“Nami mira a la orilla y ahora ya está claro para todos que esa numerosa manada realmente está formada por monos, ovejas, gallinas y perros. Todos los animales están juntos con la esperanza de que regresen sus queridas personas, que desaparecieron de repente”.
El miércoles 19 de febrero tuve el privilegio de acompañar a la escritora checa Bianca Bellová (Praga, 1970) durante la presentación en la librería Casa Tomada de su novela El lago (Tres Hermanas Ediciones, 2019), Premio de Literatura de la Unión Europea en 2017. Hay escritores y escritoras que aman la literatura; yo amo momentos así, en los que la literatura viene y hace el milagro de las palabras y los afectos, dejando en los corazones un calor que se parece mucho al deseo o a la alegría de estar vivos.
Como la propia autora admite, la novela no tiene un punto de partida extraordinario, cuenta un viaje, el que emprende el joven Nami, héroe de la historia, en busca de su madre y de sí mismo, a través del lago, centro espiritual y productivo de Boros, la pequeña aldea en la que ha crecido. De la mano de la autora checa, nos adentramos por tanto en un espacio geográfico y humano que se superpone, pues ambos han estado sometidos durante décadas por el imperialismo soviético, al que, sin embargo, no se hace una mención explícita. Los rusos son de hecho en la novela una presencia constante y lejana, anónima, tecnológica y científica, letal como una plaga, que un día, sin previo aviso, desaparece dejando tras de sí el caos, un paisaje desolador en el que hasta la esperanza ha sido esquilmada.
La aldea de Boros no existe, pero su lago, las extensas plantaciones de algodón que sus aguas alimentan al otro lado, donde viven los uroboros, nos remiten al moribundo mar de Aral y a los países de Asia Central como Uzbekistán o Tayikistán que hasta 1991 formaron parte de la extinta URSS. Hay que señalar también que el uroboro ─usado como gentilicio en la narración─ es la serpiente que engulle su cola dando lugar así a un círculo perfecto. Simboliza la lucha eterna, inútil tal vez. «¿Valió la pena al menos, Nami?», le pregunta la joven Zaza a su antiguo novio cuando este regresa. «¡Dímelo!, ¿tuvo algún sentido que te fueras?» Y Nami no le contesta nada. Silencio.
Con pasajes de gran crudeza, la novela está contada en tiempo presente, con frases cortas y diálogos precisos, en un lenguaje sencillo, tan sencillo como el sentir de sus personajes. Hay un esfuerzo de contención, incluso de distancia, que a pesar de todo no evita que nos sintamos conmovidos por Nami, un niño que al quedar desamparado es desposeído de lo poco que tiene y tratado como un animal. A su llegada a la capital, intuirá que apenas nada lo separa en cuanto a naturaleza de Maymum, un mono que no escapa, aunque podría, de su recinto, en un rincón del parque donde los parados, alineados en largas filas como zombis, esperan desde el amanecer que alguien venga y les dé trabajo.

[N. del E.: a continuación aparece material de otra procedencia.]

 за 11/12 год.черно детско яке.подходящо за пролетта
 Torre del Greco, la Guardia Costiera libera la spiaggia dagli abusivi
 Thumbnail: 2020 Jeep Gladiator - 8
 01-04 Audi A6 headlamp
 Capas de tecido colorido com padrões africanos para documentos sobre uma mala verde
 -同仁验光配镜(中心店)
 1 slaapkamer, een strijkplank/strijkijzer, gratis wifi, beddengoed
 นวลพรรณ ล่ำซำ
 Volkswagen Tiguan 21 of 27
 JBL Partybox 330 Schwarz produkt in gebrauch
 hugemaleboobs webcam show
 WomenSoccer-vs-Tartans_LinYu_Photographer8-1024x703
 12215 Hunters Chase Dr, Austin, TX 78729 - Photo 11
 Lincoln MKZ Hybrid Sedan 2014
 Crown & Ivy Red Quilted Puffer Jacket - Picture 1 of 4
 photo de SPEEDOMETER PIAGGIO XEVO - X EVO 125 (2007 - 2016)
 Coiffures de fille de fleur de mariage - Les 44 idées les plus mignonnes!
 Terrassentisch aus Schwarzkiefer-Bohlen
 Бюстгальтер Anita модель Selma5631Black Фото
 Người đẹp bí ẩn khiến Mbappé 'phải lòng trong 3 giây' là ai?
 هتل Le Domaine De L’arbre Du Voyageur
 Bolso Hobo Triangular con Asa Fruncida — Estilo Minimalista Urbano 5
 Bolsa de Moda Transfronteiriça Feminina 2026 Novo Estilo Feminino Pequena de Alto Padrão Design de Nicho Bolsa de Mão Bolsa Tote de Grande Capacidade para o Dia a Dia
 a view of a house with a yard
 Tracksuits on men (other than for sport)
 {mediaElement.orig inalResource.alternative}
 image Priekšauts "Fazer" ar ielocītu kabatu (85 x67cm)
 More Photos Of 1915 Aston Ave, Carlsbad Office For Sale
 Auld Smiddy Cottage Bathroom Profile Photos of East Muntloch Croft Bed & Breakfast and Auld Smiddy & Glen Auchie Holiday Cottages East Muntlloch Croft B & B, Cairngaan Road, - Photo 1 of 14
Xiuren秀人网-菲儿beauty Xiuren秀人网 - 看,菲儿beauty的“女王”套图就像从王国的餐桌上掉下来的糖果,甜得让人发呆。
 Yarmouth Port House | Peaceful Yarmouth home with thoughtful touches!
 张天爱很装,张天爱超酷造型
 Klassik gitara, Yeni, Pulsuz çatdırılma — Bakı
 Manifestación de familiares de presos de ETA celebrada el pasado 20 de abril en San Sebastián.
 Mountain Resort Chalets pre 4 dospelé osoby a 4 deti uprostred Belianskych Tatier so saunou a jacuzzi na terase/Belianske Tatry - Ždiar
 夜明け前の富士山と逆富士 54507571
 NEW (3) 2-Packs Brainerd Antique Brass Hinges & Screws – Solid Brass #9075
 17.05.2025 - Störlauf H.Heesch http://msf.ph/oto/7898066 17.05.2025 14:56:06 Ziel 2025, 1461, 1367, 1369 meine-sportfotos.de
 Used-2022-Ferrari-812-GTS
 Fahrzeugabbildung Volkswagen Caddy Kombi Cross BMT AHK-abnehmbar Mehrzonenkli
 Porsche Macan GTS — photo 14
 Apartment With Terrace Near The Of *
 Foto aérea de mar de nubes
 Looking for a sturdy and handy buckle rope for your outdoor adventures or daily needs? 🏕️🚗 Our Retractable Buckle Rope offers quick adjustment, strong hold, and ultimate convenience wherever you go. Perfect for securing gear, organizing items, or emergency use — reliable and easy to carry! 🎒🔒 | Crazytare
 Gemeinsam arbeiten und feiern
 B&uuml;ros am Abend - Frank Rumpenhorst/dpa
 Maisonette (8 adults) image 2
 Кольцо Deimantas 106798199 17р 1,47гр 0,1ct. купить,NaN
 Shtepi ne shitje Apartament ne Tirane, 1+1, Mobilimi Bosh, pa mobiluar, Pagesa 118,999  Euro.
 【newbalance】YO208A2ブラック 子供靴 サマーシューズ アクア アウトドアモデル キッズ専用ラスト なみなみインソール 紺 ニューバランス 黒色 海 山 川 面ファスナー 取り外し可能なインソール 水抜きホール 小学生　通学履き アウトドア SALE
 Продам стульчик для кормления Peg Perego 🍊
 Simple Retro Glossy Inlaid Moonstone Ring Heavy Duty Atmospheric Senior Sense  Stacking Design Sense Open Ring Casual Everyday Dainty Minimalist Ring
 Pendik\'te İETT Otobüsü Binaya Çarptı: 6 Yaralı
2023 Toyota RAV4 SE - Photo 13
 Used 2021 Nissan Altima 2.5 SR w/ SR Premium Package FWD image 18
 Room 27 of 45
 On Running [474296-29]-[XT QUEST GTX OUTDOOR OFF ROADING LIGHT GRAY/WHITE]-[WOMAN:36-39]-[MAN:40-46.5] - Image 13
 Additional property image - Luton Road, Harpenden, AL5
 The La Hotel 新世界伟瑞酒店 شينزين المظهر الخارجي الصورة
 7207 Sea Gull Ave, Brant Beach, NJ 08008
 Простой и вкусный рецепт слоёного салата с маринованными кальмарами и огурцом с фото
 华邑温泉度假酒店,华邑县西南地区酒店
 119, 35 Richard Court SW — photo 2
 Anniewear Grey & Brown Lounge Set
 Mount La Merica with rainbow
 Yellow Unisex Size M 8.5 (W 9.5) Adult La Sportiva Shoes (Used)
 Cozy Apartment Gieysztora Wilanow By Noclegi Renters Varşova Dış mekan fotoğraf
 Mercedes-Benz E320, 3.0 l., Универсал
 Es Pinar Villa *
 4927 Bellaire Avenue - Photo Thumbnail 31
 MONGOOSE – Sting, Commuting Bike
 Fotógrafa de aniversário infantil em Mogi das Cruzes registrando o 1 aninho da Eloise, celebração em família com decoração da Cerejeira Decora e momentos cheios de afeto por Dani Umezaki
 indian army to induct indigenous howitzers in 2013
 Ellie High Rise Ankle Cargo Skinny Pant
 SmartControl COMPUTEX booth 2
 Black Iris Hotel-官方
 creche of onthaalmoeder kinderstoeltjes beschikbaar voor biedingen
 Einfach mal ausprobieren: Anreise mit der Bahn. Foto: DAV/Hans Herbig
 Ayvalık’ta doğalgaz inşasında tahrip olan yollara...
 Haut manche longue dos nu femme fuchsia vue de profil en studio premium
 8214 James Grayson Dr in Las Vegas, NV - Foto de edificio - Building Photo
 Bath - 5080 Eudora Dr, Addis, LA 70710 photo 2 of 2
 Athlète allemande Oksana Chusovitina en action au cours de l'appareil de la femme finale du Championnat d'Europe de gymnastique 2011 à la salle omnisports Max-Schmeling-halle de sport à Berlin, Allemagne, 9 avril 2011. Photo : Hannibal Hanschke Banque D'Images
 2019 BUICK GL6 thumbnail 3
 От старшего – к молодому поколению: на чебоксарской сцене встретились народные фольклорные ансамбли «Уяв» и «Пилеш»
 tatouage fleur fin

En El lago la violencia y la crueldad están presentes, de una manera u otra, en todas y cada una de las vidas que en sus páginas se retratan: en la vida de Nami, en la de los aldeanos de Boros, que empiezan a sufrir los estragos de la contaminación del lago, en la de las mujeres violadas y maltratadas por los hombres, en la de los trabajadores de la capital que asfaltan o cargan el azufre en condiciones infrahumanas, en la de Jonhy, un nuevo rico, que, tras sus estudios universitarios en Texas (EE. UU.), ocupa un alto puesto en una empresa petrolera.
La novela, la quinta en la producción de la escritora, está dividida en cuatro partes: embrión, larva, ninfa e imago. Consigue una atmósfera inquietante, casi distópica, al no explicitar la autora ni el espacio ni el tiempo concretos de la narración y al conjugar equilibrada y certeramente el lenguaje realista con elementos propios de los cuentos populares, aún muy presentes, según nos contó ella misma, en la cultura de su país.
Lo terrible de El lago es que nos presenta un mundo que no es el futuro, sino el pasado y el presente de muchos habitantes del planeta. El avance inexorable del desierto sobre la tierra reseca y tóxica de lo que fue el fondo de sus aguas, destrucción sobre destrucción, la brecha cada vez mayor entre pobres y ricos, el escaso valor de la vida y la imposibilidad de la naturaleza como refugio y soporte de la existencia, aunque quizás, cuando ni un solo hombre o mujer viva en sus orillas, el lago seguirá ahí, reducido a su espíritu, tal vez, esperando el momento de resurgir y cubrir de nuevo la basura que un día arrojamos a su interior. Ojala que esta novela no sea la única que se traduzca de Bianca Bellová a nuestro idioma.